The November 2012 ballot features two tax-increase initiatives: Proposition 30 and Proposition 38. Both would raise income taxes and direct all new revenues primarily to public education. Both contain spending restrictions to prevent the new revenues from being used for unauthorized purposes. Opponents have found these spending restrictions to be a "shell game." As several argued in a statement in the state's official voter guide, the legislature "can take existing money for schools and use it for other purposes and then replace that money with the money from the new taxes…. Prop. 30 does not guarantee one penny of new funding for schools." [59] Although Proposition 38's spending restrictions are tighter, they, too, are vulnerable to the shell-game critique.

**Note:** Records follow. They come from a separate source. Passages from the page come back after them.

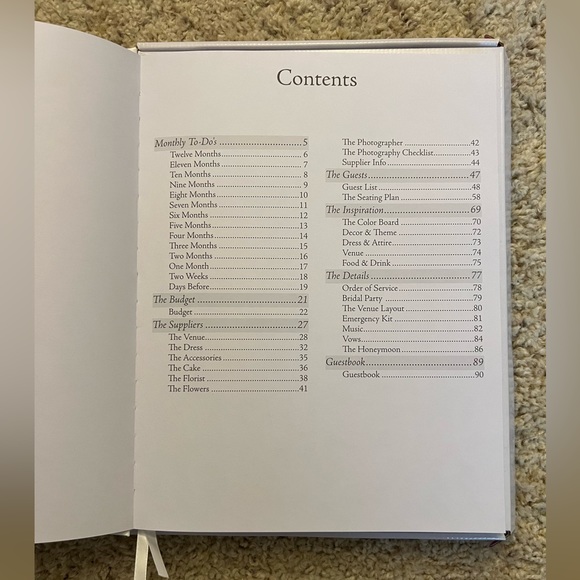 Wedding Planner/Journal - Mrs Cover in White and Gold - Picture 3 of 4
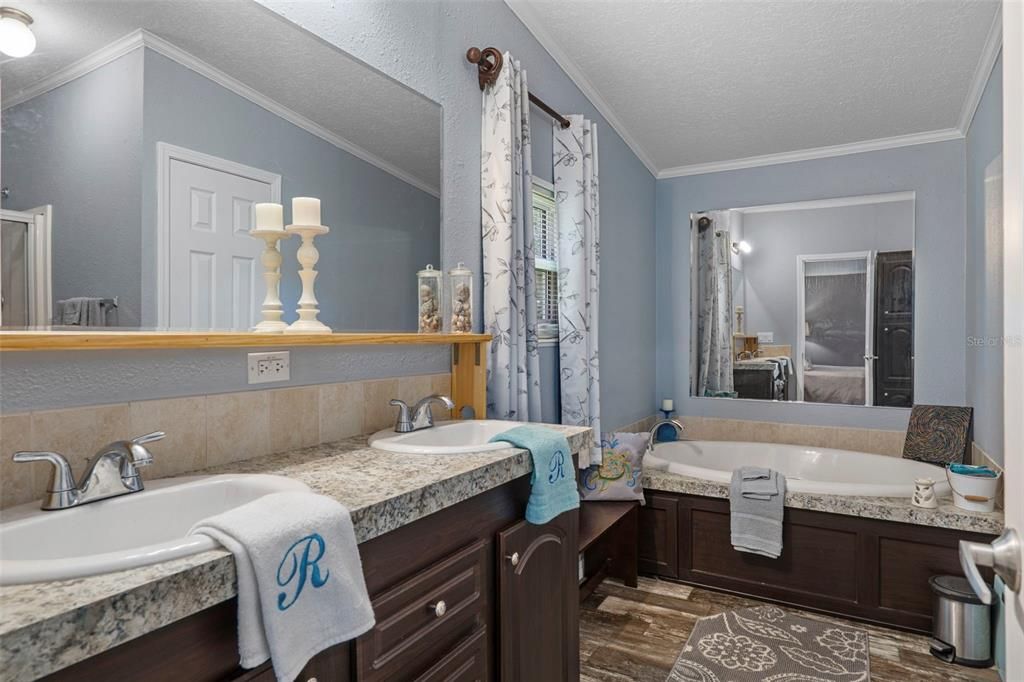 For Sale: $349,900 (3 beds, 2 baths, 1296 Square Feet)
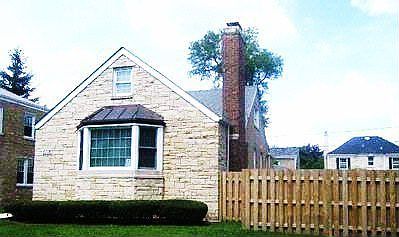 5718 N Kerbs Chicago, IL 60646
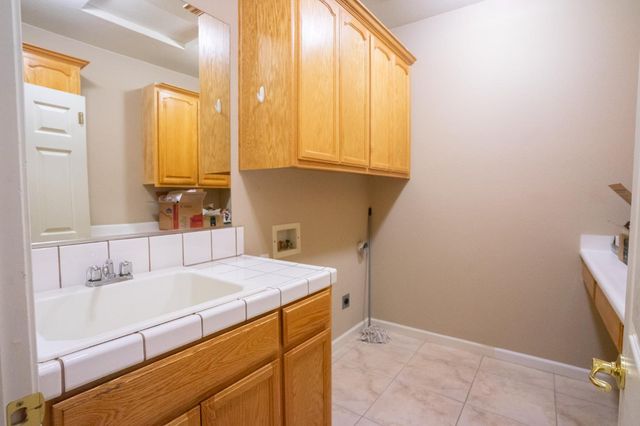 3235 Hagen Rd, Valley Springs, CA 95252
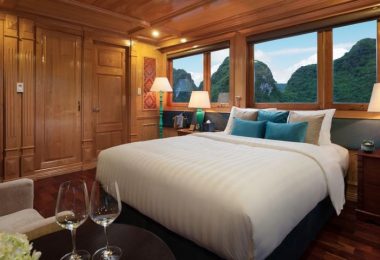 Maya Cruise Ruby Room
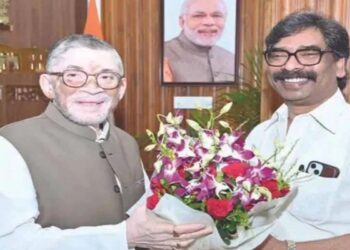 jharkhand cm met governor- जेपीएससी-जेएसएससी विवाद पर राज्यपाल से मिले सीएम, कहा- छात्रों के हित से कोई समझौता नहीं jharkhand cm met governor- जेपीएससी-जेएसएससी विवाद पर राज्यपाल से मिले सीएम, कहा- छात्रों के हित से कोई समझौता नहीं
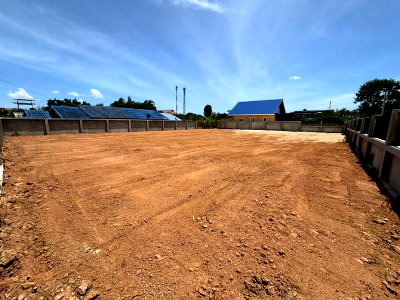 Land for sale Si Racha Chonburi : Beautiful plot of land for sale in Bowin, Sriracha, ready to build a house.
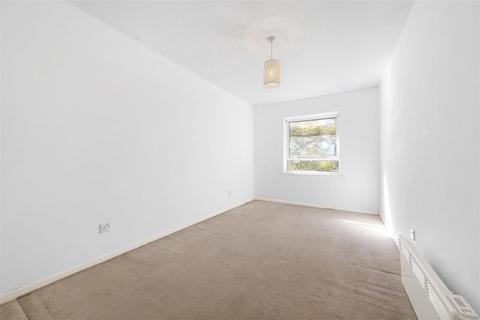 1 bedroom flat for sale, Berkeley Court, Nightingale Way, Swanley, BR8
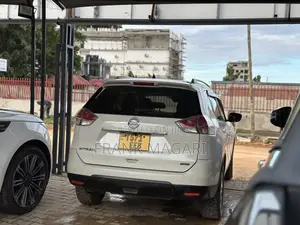 Nissan X-Trail 2013 White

In light of the looming OPEB crisis, it is fair to ask: Would more revenues be a bad thing? Perhaps what some have alleged to be a weakness of Prop. 30— that the real destination of its new revenues would be retirement benefits, not schools [60]—is a reason to support it.

New revenues eventually will be needed to address OPEB. But new revenues need not mean new taxes. A fairer way to raise revenue for OPEB is glaringly obvious: require current employees to contribute to their future health care. In most of California's government retirement systems, current employees still pay nothing for their postretirement healthcare benefits.

Instead, it is popular this political season to promote increased taxes on higher incomes (as both Propositions 30 and 38 would do). But high-earner income is a uniquely poor source of revenue to support mounting OPEB costs because that income is volatile. Wealthier people earn more money from investments than do people in lower income brackets, which means that this income fluctuates with the ups and downs of financial markets. As long as new tax revenue comes from high-income earners, it will increase revenue volatility, already a well-documented problem in California. [61]

Governor Jerry Brown, Proposition 30's chief backer, has focused on California public employees' retirement benefits as a problem. When he presented his first tax-increase proposal last year, he paired it with a plan for pension reform. The implicit promise was "reform before revenue," but the pension bill that Brown eventually signed into law failed to fulfill that pledge for several reasons, not least because it did not address OPEB. [62]

Recently, some California governments have acknowledged their OPEB problems and attempted to address them, through bargaining (San Diego), ballot initiative (San Francisco), bankruptcy (discussed above), and legislation (Orange County). [63]

Out of all these options, legislative action—changing the retirement system's obligations by an act of law—holds the greatest potential for savings. But simply changing the law on benefits represents a unilateral reduction, and this is legally controversial.

Pensions for current employees and retirees in California are protected by the "California rule." Premised on the notion that pension promises are implicitly contractual, this long-standing legal doctrine mandates that all "detrimental changes" to pensions, whether increasing employees' contributions or reducing their benefits, can be applied only to new hires. [64]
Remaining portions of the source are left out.